SUPPLIED RECORDS:
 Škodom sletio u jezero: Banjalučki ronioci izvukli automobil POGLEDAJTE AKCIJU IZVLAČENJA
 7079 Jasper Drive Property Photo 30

==

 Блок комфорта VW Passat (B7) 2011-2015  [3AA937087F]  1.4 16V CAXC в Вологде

==

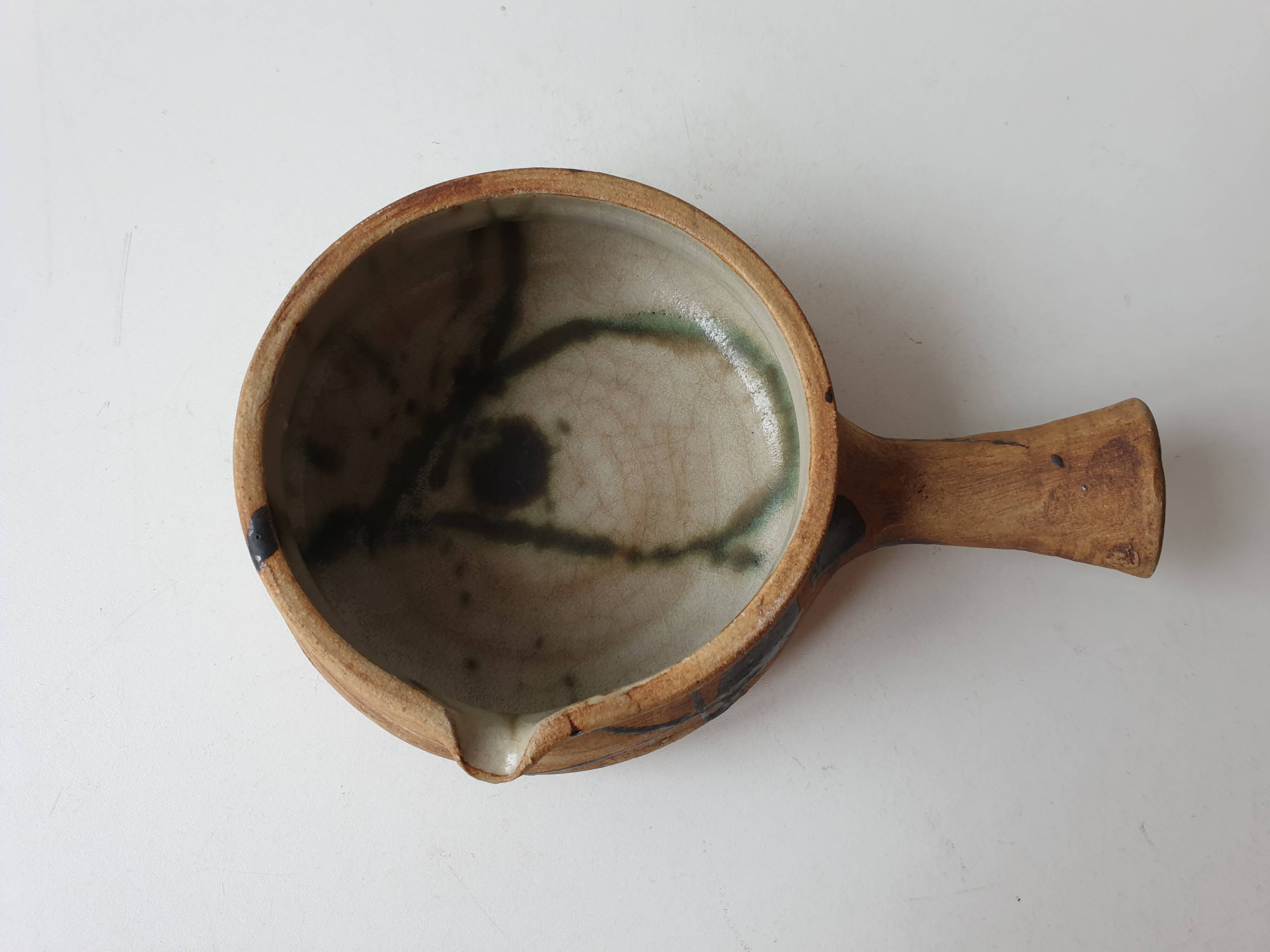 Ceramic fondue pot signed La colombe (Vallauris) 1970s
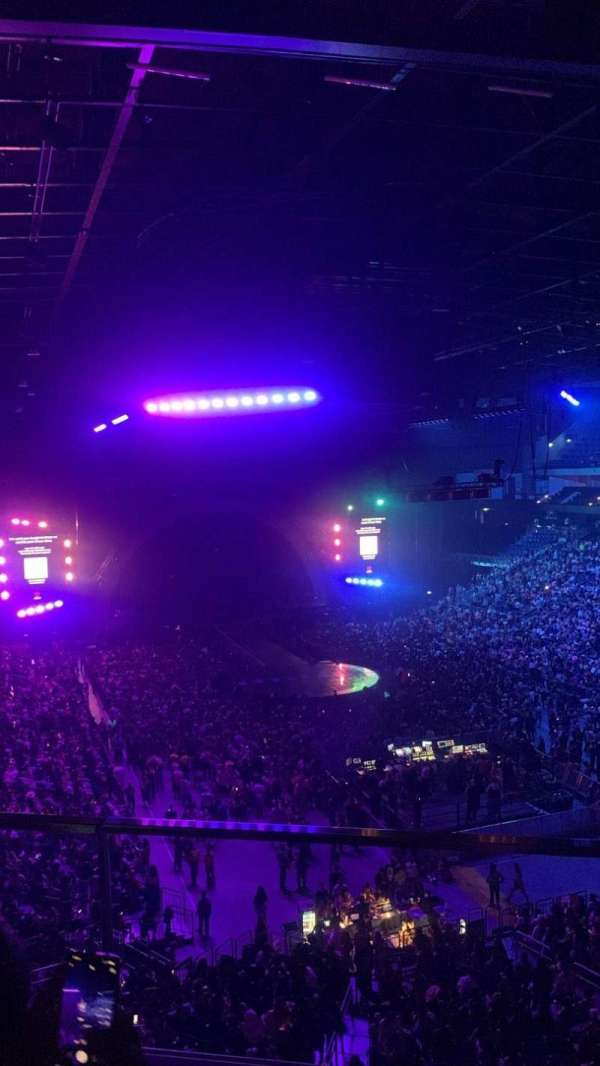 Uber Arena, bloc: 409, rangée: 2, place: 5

TRY IT: Write out, from the lines above, only those from the line with "Škodom sletio u" to the line with "7079 Jasper Drive Property Photo 30", exactly as given, including the first and the last.

COMPLETED TASK:
 Škodom sletio u jezero: Banjalučki ronioci izvukli automobil POGLEDAJTE AKCIJU IZVLAČENJA
 7079 Jasper Drive Property Photo 30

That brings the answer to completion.